I looked for about 2 minutes before finding one that's probably not optimal, but is damn simple and in the public domain: graph_lib.py by Nathan Denny.

First interesting data point, the first two lines on the file (yes, I found out there is a later version):

#--Version 1.0.0
#--Nathan Denny, May 27, 1999

Yup. In two days this piece of code is turning 8 years old and untouched. But it works just fine and dandy!

Here's the piece of code that makes the engine run which has grown from a humble 10 LOC to almost a whooping 40 LOC:

class SpreadSheet(QtCore.QObject):
    _cells = {}
    tools = {}
    graph=Graph()

    def __init__(self,parent):
        QtCore.QObject.__init__(self,parent)
        for name in dir(functions):
                self.tools[name]=eval('functions.'+name)


    def __setitem__(self, key, formula):
        key=key.lower()
        c=traxcompile('%s=%s;'%(key,formula))
        self._cells[key] = [c[key][0],False,compile(c[key][0],"Formula for %s"%key,'eval')]

        # Dependency graph
        if not self.graph.has_node(key):
                self.graph.add_node(key)
        for edge in self.graph.in_arcs(key):
                self.graph.delete_edge(edge)
        for cell in c[key][1]:
                self.graph.add_edge(cell,key)
        try:
                print 'GRAPH(TOPO): ',self.graph.topological_sort()
                self._cells[key][1]=False
                print 'GRAPH(BFS) : ',self.graph.bfs(key)
                for cell in self.graph.bfs(key)[1:]:
                        self.emit(QtCore.SIGNAL('changed'),(cell))
        except Graph_topological_error:
                # We made the graph cyclic
                # So, mark this cell as evil
                self._cells[key][1]=True
                # And remove all incoming edges to go back to
                # status quo
                for edge in self.graph.in_arcs(key):
                        self.graph.delete_edge(edge)

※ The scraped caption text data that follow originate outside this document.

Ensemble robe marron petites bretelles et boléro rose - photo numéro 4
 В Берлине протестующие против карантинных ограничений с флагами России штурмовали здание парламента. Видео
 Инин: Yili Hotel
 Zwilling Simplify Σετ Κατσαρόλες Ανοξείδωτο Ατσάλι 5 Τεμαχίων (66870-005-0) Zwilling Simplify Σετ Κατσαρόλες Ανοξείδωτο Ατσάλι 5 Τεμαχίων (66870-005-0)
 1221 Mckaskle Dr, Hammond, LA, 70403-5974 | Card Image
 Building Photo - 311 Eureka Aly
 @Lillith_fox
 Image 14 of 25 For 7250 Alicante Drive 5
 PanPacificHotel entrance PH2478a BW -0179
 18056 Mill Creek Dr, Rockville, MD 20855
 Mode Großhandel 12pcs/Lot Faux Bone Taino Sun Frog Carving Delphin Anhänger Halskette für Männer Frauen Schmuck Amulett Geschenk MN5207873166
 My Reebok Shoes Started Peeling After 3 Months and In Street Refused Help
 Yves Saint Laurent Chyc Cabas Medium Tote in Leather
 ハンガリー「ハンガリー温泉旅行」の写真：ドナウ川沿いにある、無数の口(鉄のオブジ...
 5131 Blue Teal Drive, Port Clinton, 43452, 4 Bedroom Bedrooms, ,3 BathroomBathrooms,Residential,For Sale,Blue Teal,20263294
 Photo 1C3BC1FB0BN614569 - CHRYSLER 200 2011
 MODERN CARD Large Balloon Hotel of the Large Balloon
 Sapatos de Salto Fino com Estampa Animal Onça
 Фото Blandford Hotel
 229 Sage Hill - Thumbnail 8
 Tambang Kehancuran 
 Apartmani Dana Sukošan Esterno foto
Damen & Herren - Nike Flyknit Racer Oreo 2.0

    def getformula(self, key):
        key=key.lower()
        return self._cells[key][0]
    def __getitem__(self, key ):
        print self._cells[key]
        if self._cells[key][1]:
                return "ERROR: cyclic dependency"
        else:
                print 'evaluating [%s]: '%key,type(self._cells[key][0]),self._cells[key][0]
              return eval(self._cells[key][0], self.tools, self)

This engine supports:

  • User defined functions (just add them in formula.py)
  • Cell dependencies with detection of cicles, of any length
  • Unlimited size spreadsheets
  • Notification of cell changes to other modules
  • Automatic recalculation
  • A custom formula language (ok, that's not in this piece of code ;-)

The whole project is now 1167 LOC, of which 591 are generated or graph_lib, which means everything including the traxter "compiler" and the UI is less than 600 lines of code.

Not too shabby.

My goal is a functional spreadsheet with a working GUI and supporting the most common functions and pieces of the formula language in .... 2000 LOC, and I am willing to work on it for about two weeks.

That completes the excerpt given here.